There is no cure for IBS. The best way to treat IBS is to make lifestyle changes. Your IBS subtype will affect your treatment. You might have to test out several to see which ones work.

Treatment options include:

  • Eating changes. Digestion can improve when you eat smaller meals throughout the day.
  • Diet changes. People who have constipation may benefit from an increase in fiber. This can soften stool and make it easier to have a bowel movement. Increase your fiber intake a little at a time.
  • A low-FODMAP diet. FODMAP is an acronym that refers to a group of food compounds known to cause GI problems. With this diet, you can choose to limit or remove your intake of certain carbohydrates. This includes most fruits, vegetables, legumes, and dairy. These types of foods are hard to digest and can create bacteria. They produce extra gas, which leads to bloating and cramping. The FODMAP diet can help your GI tract heal. It is very strict, so it is not meant to be a long-term answer.
  • Food diary. You might notice that certain foods and drinks worsen your IBS. Keep a diary of what you consume. This can help you find a pattern, so that you can make changes going forward.
  • Medicines. These will vary based on your type of IBS. Certain medicines, like Imodium, can reduce diarrhea. Fiber supplements and laxatives help relieve constipation. Lubiprostone and linaclotide also can help people who have IBS-C. They can relieve pain and even out your bowel movements. Antibiotics can treat bacterial infections or overgrowth.
  • Probiotics. Probiotic supplements have good bacteria that can clear out and settle your GI tract.
  • Pain management. Natural medicines, such as peppermint oil, can help calm symptoms. Other remedies include using a heating pad or hot bath.
  • Stress management. Reducing your stress levels can improve IBS. Get enough sleep and take part in regular exercise. Your doctor might suggest other ways to cope with stress, such as meditation or therapy.

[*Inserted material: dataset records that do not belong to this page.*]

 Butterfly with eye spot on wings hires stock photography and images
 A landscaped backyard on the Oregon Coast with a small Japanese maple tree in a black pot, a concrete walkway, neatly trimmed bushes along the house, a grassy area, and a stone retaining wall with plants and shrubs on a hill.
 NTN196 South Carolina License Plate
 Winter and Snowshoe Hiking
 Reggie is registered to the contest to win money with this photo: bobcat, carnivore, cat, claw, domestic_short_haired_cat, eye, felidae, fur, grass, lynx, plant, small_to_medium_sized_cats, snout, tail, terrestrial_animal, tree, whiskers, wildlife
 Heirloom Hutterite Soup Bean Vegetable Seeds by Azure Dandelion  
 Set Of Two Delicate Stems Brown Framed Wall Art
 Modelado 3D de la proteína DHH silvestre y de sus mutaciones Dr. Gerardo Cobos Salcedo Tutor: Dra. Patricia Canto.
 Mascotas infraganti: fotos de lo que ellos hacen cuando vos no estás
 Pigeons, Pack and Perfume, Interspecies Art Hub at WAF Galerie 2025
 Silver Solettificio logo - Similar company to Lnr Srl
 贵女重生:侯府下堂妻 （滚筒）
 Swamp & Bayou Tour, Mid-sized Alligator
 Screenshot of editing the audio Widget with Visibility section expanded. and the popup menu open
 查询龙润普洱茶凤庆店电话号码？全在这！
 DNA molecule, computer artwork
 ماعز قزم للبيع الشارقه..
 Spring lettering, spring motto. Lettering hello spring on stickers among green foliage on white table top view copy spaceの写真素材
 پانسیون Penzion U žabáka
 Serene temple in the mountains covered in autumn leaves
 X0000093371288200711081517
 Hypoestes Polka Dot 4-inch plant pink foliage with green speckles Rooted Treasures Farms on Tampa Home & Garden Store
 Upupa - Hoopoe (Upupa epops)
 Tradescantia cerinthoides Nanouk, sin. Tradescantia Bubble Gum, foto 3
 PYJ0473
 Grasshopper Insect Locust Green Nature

Living with irritable bowel syndrome

IBS is an ongoing problem. It can subside or flare up, based on your lifestyle. IBS does not require surgery, and it won’t shorten your life. If you have IBS, talk to your doctor about how to manage it. It might take time to try treatments and see which ones work best for you.

Questions to ask your doctor

  • What is a food diary and how does it help diagnose or manage IBS?
  • What medicines are offered to treat IBS and what are their side effects?
  • How can I cope with ongoing IBS?
  • Is IBS linked to any other health conditions?